22 October 2008

World Serious

A lot of observers have been comparing this Series to the 1991 matchup between Minnesota and Atlanta, who were both, like Tampa Bay this season, last-place teams the year before. Like the Braves of the early '90's, the Rays have erased a decade of futility with a nucleus of great young pitchers, and, like the Twins, they play in a quirky domed stadium that gives them a pointed home field advantage. If that's any indication, we should be in for a hell of a series.

For that to happen, though, the Phillies will have to rise to the occasion. The Rays are a superior team, winning 97 games in the best division in baseball, and Philadelphia must overcome the pratfall of a long layoff like the one that has felled the past two World Series losers. They'll need several things to go right to make this a long series.
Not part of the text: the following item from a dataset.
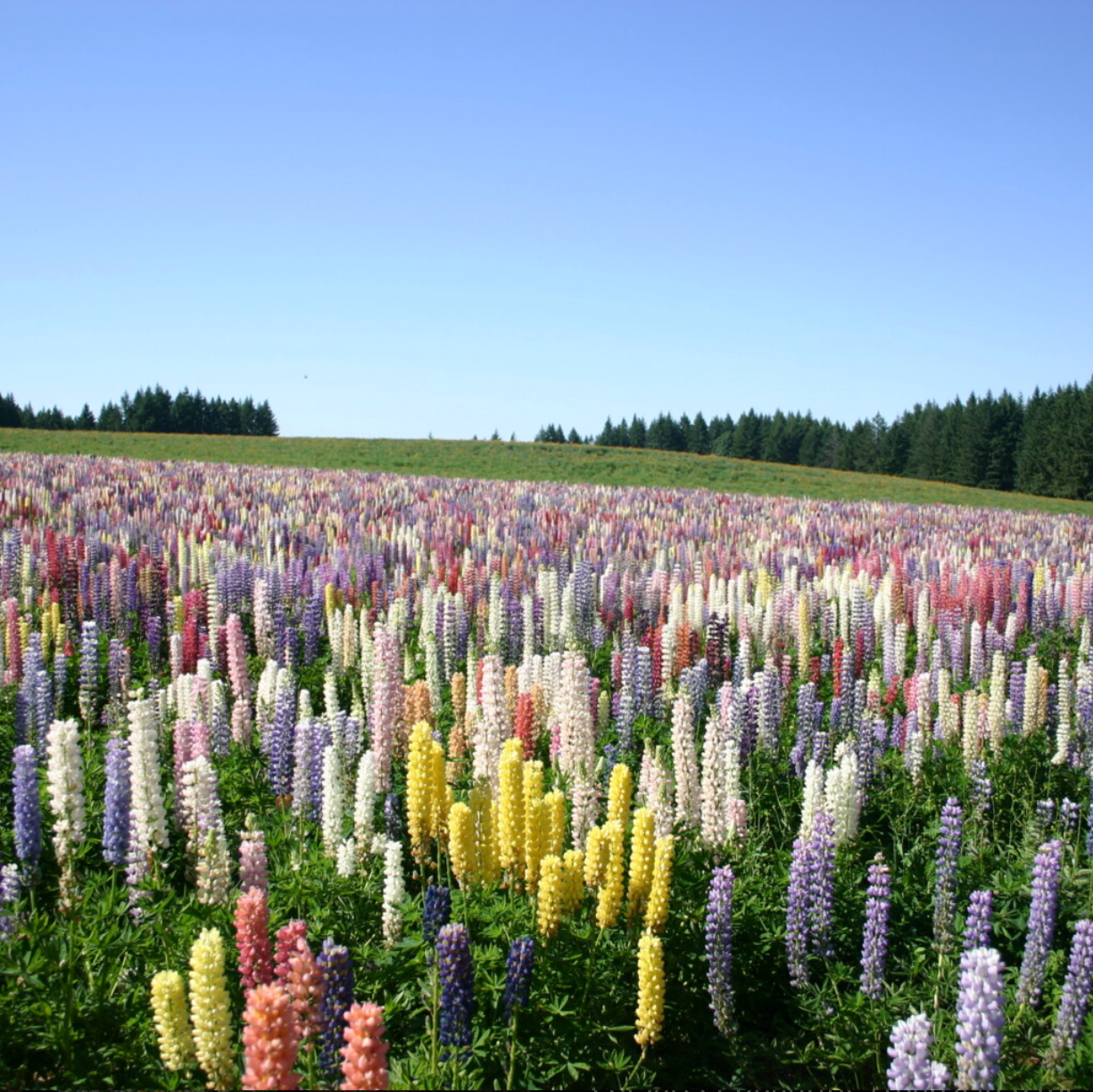 Russell Mix Lupine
  • Philadelphia's starting pitching will be at a disadvantage in every game Cole Hamels doesn't start, therefore it's almost a necessity for Hamels to win both of his starts for the Phillies to have any chance in this series. This will be especially apparent on the back end of the Phillies rotation, where the ageless Jamie Moyer has been hammered in both outings so far, and what the Rays lack in a top-end ace, they make up for with terrifying depth.
  • The middle three games are always crucial for the home team, but especially so for Philadelphia, which can't count on getting much out of its visit to the Trop. Additionally, the first two of those games will be started by the aforementioned soft end of the Phillies rotation. Luckily for them, thanks to MLB's ridiculous postseason schedule dragging the Series into late October, the city of Philadelphia may be uninhabitable by the time the series hits town. If Citizens Bank Park is an icy bog this weekend, the Phillies should have a significant advantage over the inexperienced team from a domed stadium.
  • The Rays bullpen--which had been the team's most improved element over 2007--seemed to revert to its old form in the last three games of the ALCS. In Game 7, manager Joe Maddon went to Dan Wheeler--who had taken over as the closer when Troy Percival went down late in the season--to start the eighth inning, a spot normally reserved for Grant Balfour, who was roughed up in the Game 5 meltdown. He then turned to David Price, a projected ace with exactly 14 big-league innings under his belt, to get the final four outs. The Phillies should be decidedly more comfortable on the back end of games with Brad Lidge, perfect on the season in save chances.
  • Say it with me now; it's a short series, and crazy things happen.

The Phillies do have more quality than recent National League champions, so I can see them extending this series to a second visit to Florida. However, they just can't match Tampa Bay's incredible depth, which is the best antidote against the Rays' hot hitters regressing to the mean somewhat. Double A's--gotta get that in one more time--in six.